Real Life Examples of “Acquitted” in a Sentence
Seeing the word in context makes it easier to use correctly.
- News reporting: “The jury acquitted the defendant on all three counts after just two hours of deliberation.”
- Workplace conversation: “I heard the former manager was acquitted, so the company can’t use that case as grounds for firing him.”
- School discussion: “In our mock trial, the student playing the defendant was acquitted because the evidence didn’t hold up under cross examination.”
- Social media post: “Huge update: the athlete was acquitted of all charges today after a two week trial.”
- Everyday conversation: “My cousin was on the jury, and they ended up acquitting the guy because the witness kept changing her story.”

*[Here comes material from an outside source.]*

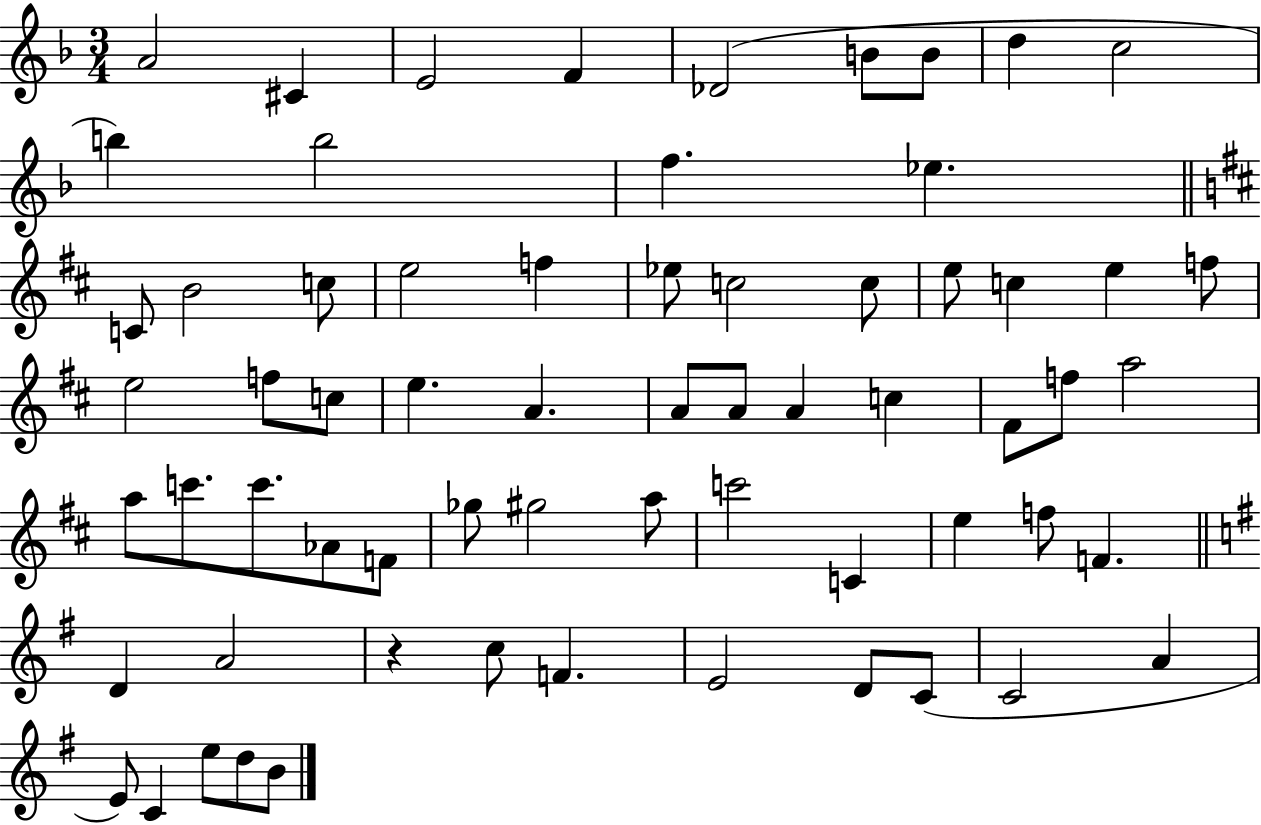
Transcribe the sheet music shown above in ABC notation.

Common Misunderstandings About Acquittal
A few myths about acquittal come up often, so it helps to clear them up directly.

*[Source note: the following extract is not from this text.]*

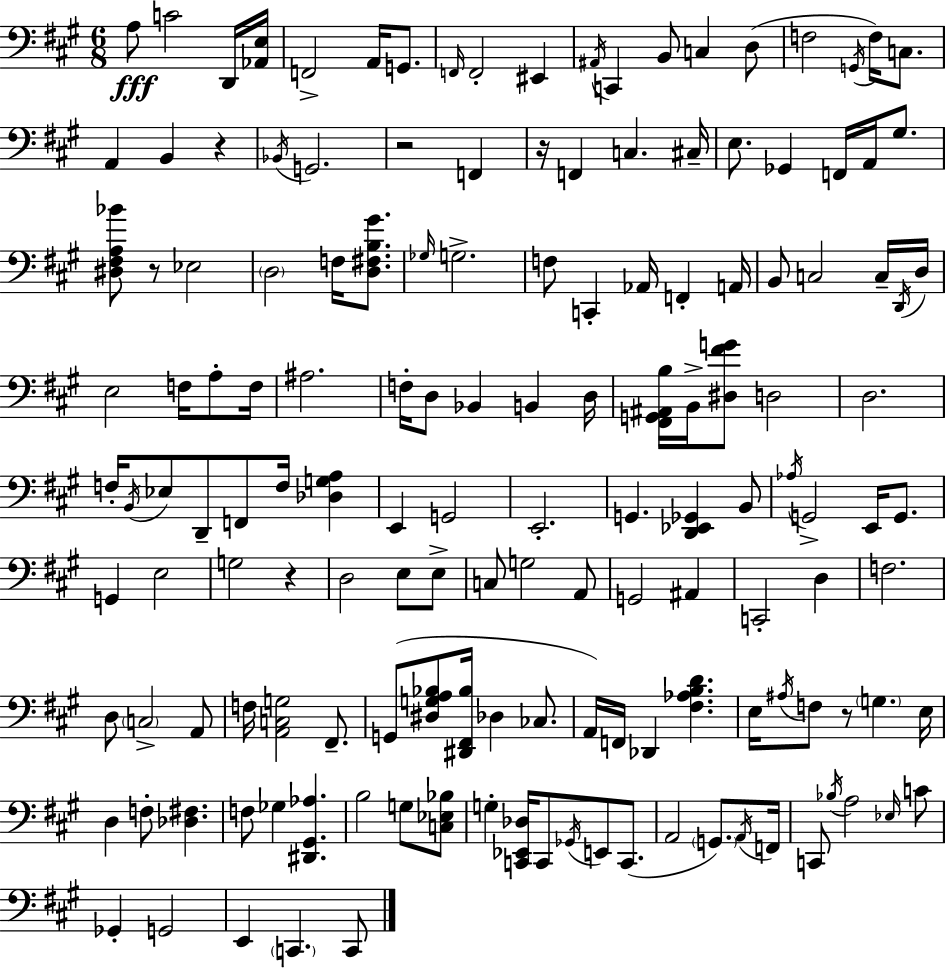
A3/e C4/h D2/s [Ab2,E3]/s F2/h A2/s G2/e. F2/s F2/h EIS2/q A#2/s C2/q B2/e C3/q D3/e F3/h G2/s F3/s C3/e. A2/q B2/q R/q Bb2/s G2/h. R/h F2/q R/s F2/q C3/q. C#3/s E3/e. Gb2/q F2/s A2/s G#3/e. [D#3,F#3,A3,Bb4]/e R/e Eb3/h D3/h F3/s [D3,F#3,B3,G#4]/e. Gb3/s G3/h. F3/e C2/q Ab2/s F2/q A2/s B2/e C3/h C3/s D2/s D3/s E3/h F3/s A3/e F3/s A#3/h. F3/s D3/e Bb2/q B2/q D3/s [F#2,G2,A#2,B3]/s B2/s [D#3,F#4,G4]/e D3/h D3/h. F3/s B2/s Eb3/e D2/e F2/e F3/s [Db3,G3,A3]/q E2/q G2/h E2/h. G2/q. [D2,Eb2,Gb2]/q B2/e Ab3/s G2/h E2/s G2/e. G2/q E3/h G3/h R/q D3/h E3/e E3/e C3/e G3/h A2/e G2/h A#2/q C2/h D3/q F3/h. D3/e C3/h A2/e F3/s [A2,C3,G3]/h F#2/e. G2/e [D#3,G3,A3,Bb3]/e [D#2,F#2,Bb3]/s Db3/q CES3/e. A2/s F2/s Db2/q [F#3,Ab3,B3,D4]/q. E3/s A#3/s F3/e R/e G3/q. E3/s D3/q F3/e [Db3,F#3]/q. F3/e Gb3/q [D#2,G#2,Ab3]/q. B3/h G3/e [C3,Eb3,Bb3]/e G3/q [C2,Eb2,Db3]/s C2/e Gb2/s E2/e C2/e. A2/h G2/e. A2/s F2/s C2/e Bb3/s A3/h Eb3/s C4/e Gb2/q G2/h E2/q C2/q. C2/e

Myth: Acquitted means proven innocent. Not quite. Acquittal means guilt was not proven, which is a different standard than proving innocence.

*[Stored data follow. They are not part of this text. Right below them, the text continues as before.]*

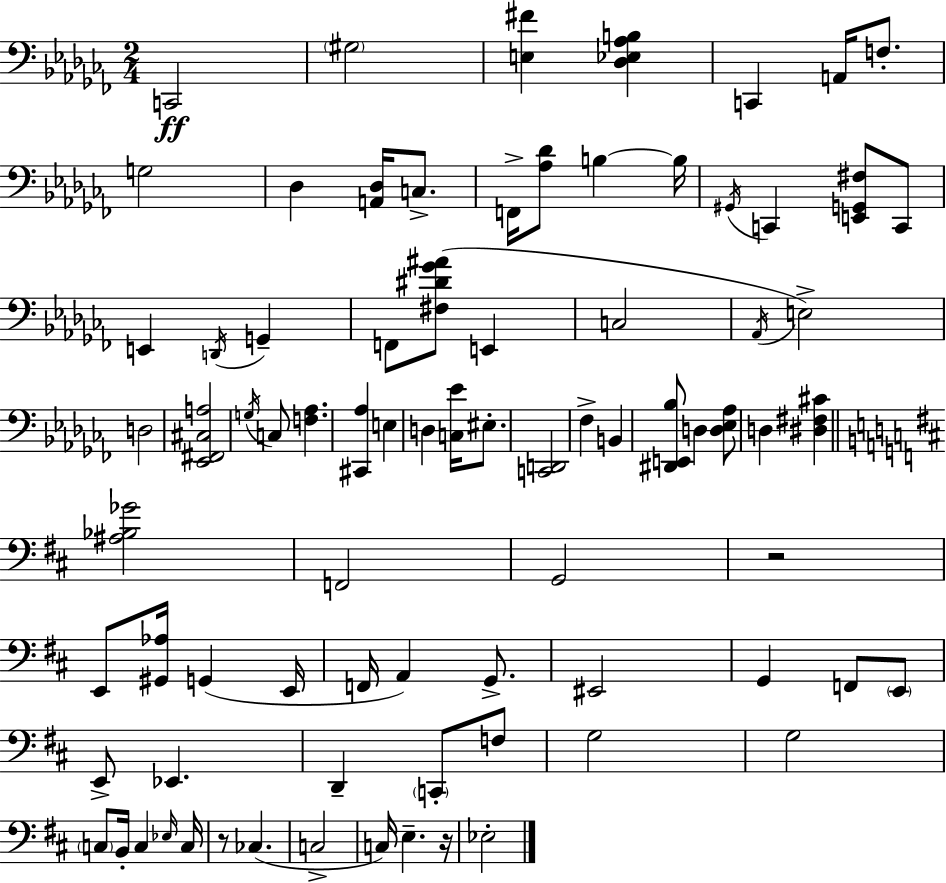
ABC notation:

X:1
T:Untitled
M:2/4
L:1/4
K:Abm
C,,2 ^G,2 [E,^F] [_D,_E,_A,B,] C,, A,,/4 F,/2 G,2 _D, [A,,_D,]/4 C,/2 F,,/4 [_A,_D]/2 B, B,/4 ^G,,/4 C,, [E,,G,,^F,]/2 C,,/2 E,, D,,/4 G,, F,,/2 [^F,^D_G^A]/2 E,, C,2 _A,,/4 E,2 D,2 [_E,,^F,,^C,A,]2 G,/4 C,/2 [F,_A,] [^C,,_A,] E, D, [C,_E]/4 ^E,/2 [C,,D,,]2 _F, B,, [^D,,E,,_B,]/2 D, [D,_E,_A,]/2 D, [^D,^F,^C] [^A,_B,_G]2 F,,2 G,,2 z2 E,,/2 [^G,,_A,]/4 G,, E,,/4 F,,/4 A,, G,,/2 ^E,,2 G,, F,,/2 E,,/2 E,,/2 _E,, D,, C,,/2 F,/2 G,2 G,2 C,/2 B,,/4 C, _E,/4 C,/4 z/2 _C, C,2 C,/4 E, z/4 _E,2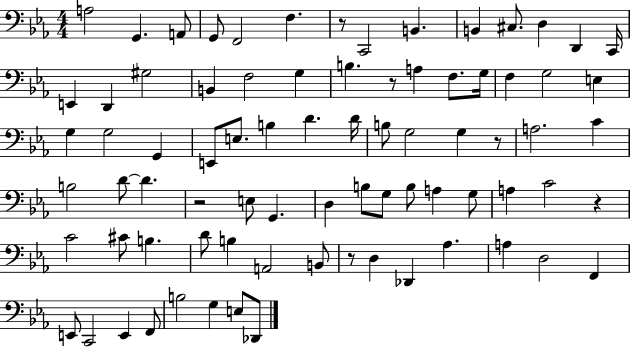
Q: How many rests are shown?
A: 6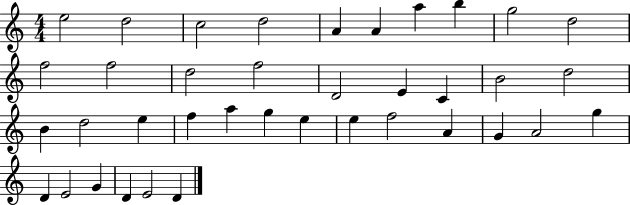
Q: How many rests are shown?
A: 0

Myth: An acquitted person can never be sued. False. Criminal acquittal and civil liability are separate systems with separate standards of proof, so a civil case can still move forward.
Myth: Acquittal and dismissal are the same thing. They aren’t. A dismissal often happens before the evidence is fully examined, while an acquittal comes after the court evaluates the evidence tied to guilt.
Myth: Being acquitted erases the arrest record too. An acquittal clears the conviction, but the arrest record itself may still exist unless the person separately files to have it sealed or expunged, depending on local law.
Quick Summary
- Acquitted means a court found insufficient evidence to convict someone of a specific charge.
- It can happen through a jury/judge verdict of “not guilty” or a judge’s directed verdict.
- Acquittal is not the same as being proven innocent, exonerated, or having a case dismissed.
- The charge cannot usually be retried, and no conviction appears on the person’s criminal record for it.
- Civil liability can still apply even after a criminal acquittal.
FAQs
Does “acquitted” mean the person is innocent?
Not exactly. It means the court found the evidence insufficient to prove guilt beyond a reasonable doubt, which is a different legal standard than proving innocence.
Can someone be tried again after being acquitted?
Generally no. Double jeopardy protections in most legal systems prevent prosecutors from retrying the same charge once a person is acquitted.
Is an acquittal the same as having charges dropped?
No. Charges being “dropped” or dismissed usually happens before or during a case, often by the prosecutor’s choice, while an acquittal is a court’s formal finding after examining the evidence.
Does an acquittal show up on a background check?
An acquittal itself is not a conviction, so it won’t appear as one. However, the underlying arrest record may still be visible unless it’s expunged or sealed separately.
Can someone still be sued after being acquitted in a criminal trial?
Yes. Criminal and civil cases are separate, and civil trials use a lower standard of proof called “preponderance of the evidence,” so a civil lawsuit can proceed even after a criminal acquittal.
What’s the difference between acquitted and exonerated?
Acquittal means the prosecution didn’t meet its burden of proof. Exoneration is a stronger finding that actively establishes the person’s factual innocence, often based on new evidence discovered after the trial.
Who decides if someone is acquitted?
A jury typically decides in a jury trial, while a judge decides in a bench trial or when granting a directed verdict of acquittal.
Final Takeaway
Being acquitted means a court has determined that the prosecution did not prove its case, so the specific charge is resolved without a conviction.
It’s a meaningful legal outcome, but it’s narrower than being declared innocent or exonerated.
Understanding these distinctions helps you read legal news, follow court cases, and talk about the justice system with more clarity and confidence.